Séminaire Parisien de statistique – October
To quote Valencia discussant favorite adjectives, the three talks were terrific and thought-provoking.
Eric Moulines presented Multiple Try Methods in MCMC algorithms. Instead of a unique proposal at each step, one proposes several values, among which only one is kept. The proposals can be chosen independant, but introducing dependence in the right way speeds up the rate of convergence to the stationary distribution. An interesting feature of this algorithm, espacially for Pierre, is that it allows parallel computation (in multiple propositions) whereas the standard Metropolis-Hastings algorithm is essentially sequential. See as well Pierre, Christian and Murray Smith’s block Independent Metropolis-Hastings algorithm for further details.
Jean-Marc Bardet introduced a way to detect ruptures in time series. He focuses on causal time series, ie they can be written only in terms of present and past innovations, for example . A rupture at time t means the parameters change at t.
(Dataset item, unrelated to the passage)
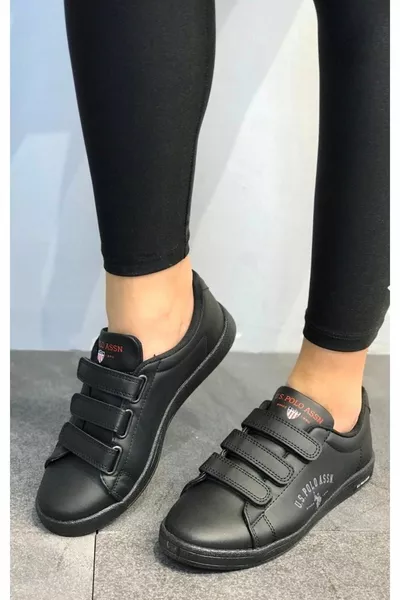 Tsrm Nero - U.S Polo Assn Singer Modello Velcro Sneakers Unisex Nuovo Modello 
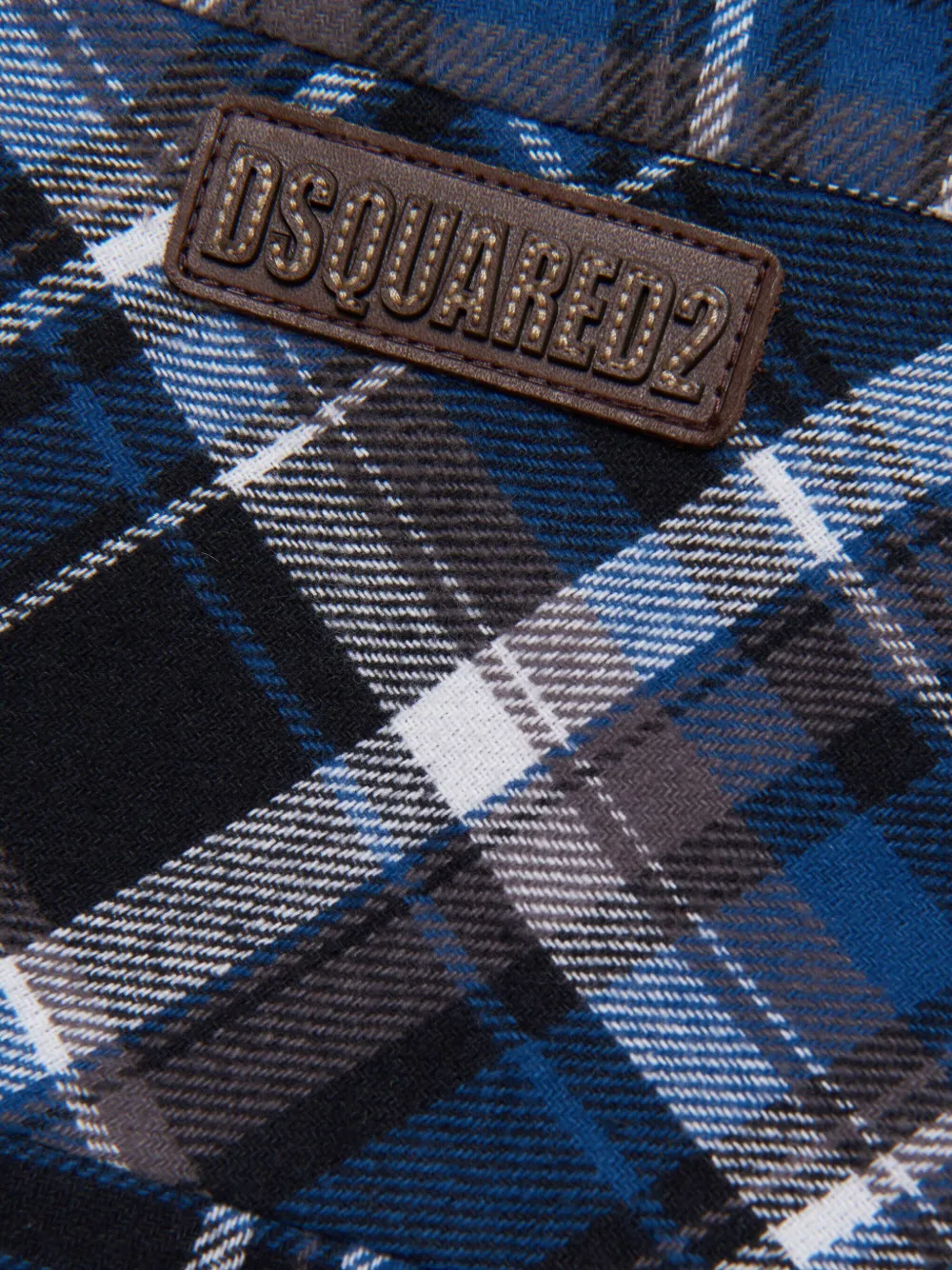 Dsquared2 Checked Pleated Skirt In Blue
The must-see talk for me was Eric Barat presentation on BNP modeling for sapce-time emission tomography. For new comer, BNP means more than a bank: Bayesian nonparametric. It is nice to see a very efficient application of BNP methods to a medical field. Eric kindly gives his slides (cf below) which I recommend, espacially the section on random probability measures: he reviews properties of the Dirichlet process, various representations (Chinese restaurant, Stick-breaking), and extends to the Pitman-Yor process and Pitman-Yor mixture. Then he gives posterior simulations by Gibbs sampling. I am interested in dependent over time models, and I am thankful for Eric for his pointer to a recent article of Chung and Dunson on local Dirichlet process, a nifty and simple construction of a Dependent Dirichlet process.
In a few days, I will try to make clear what the Dirichlet process is!